Chat-Driven Text Generation and Interaction for Person Retrieval
This addresses scalability and practical deployment challenges in surveillance applications by reducing annotation costs for text-based person retrieval.
The paper tackles the labor-intensive annotation bottleneck in text-based person search by introducing a unified annotation-free framework with two modules: Multi-Turn Text Generation for creating pseudo-labels via simulated dialogues, and Multi-Turn Text Interaction for refining vague user queries at inference. The method achieves competitive or superior retrieval accuracy while eliminating manual captions.

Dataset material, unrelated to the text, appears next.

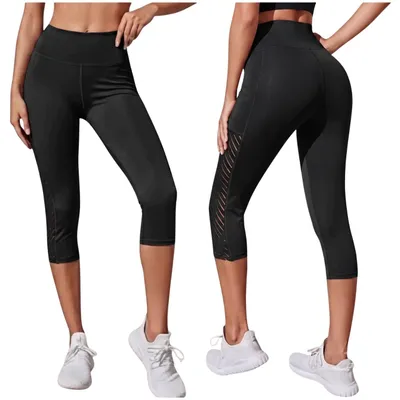 Produktbild von Damen Leggings 3/4 mit Taschen - Größe S - Schwarz - Capri Sport Tights Fitness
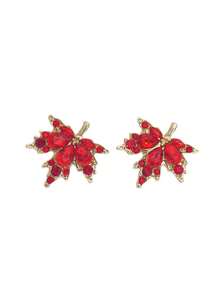 1 Pair Fashionable Elegant Red Rhinestone Maple Leaf Stud Earrings, High-End Luxury Versatile Autumn/Winter Earrings - Gold - View 5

Text-based person search (TBPS) enables the retrieval of person images from large-scale databases using natural language descriptions, offering critical value in surveillance applications. However, a major challenge lies in the labor-intensive process of obtaining high-quality textual annotations, which limits scalability and practical deployment. To address this, we introduce two complementary modules: Multi-Turn Text Generation (MTG) and Multi-Turn Text Interaction (MTI). MTG generates rich pseudo-labels through simulated dialogues with MLLMs, producing fine-grained and diverse visual descriptions without manual supervision. MTI refines user queries at inference time through dynamic, dialogue-based reasoning, enabling the system to interpret and resolve vague, incomplete, or ambiguous descriptions - characteristics often seen in real-world search scenarios. Together, MTG and MTI form a unified and annotation-free framework that significantly improves retrieval accuracy, robustness, and usability. Extensive evaluations demonstrate that our method achieves competitive or superior results while eliminating the need for manual captions, paving the way for scalable and practical deployment of TBPS systems.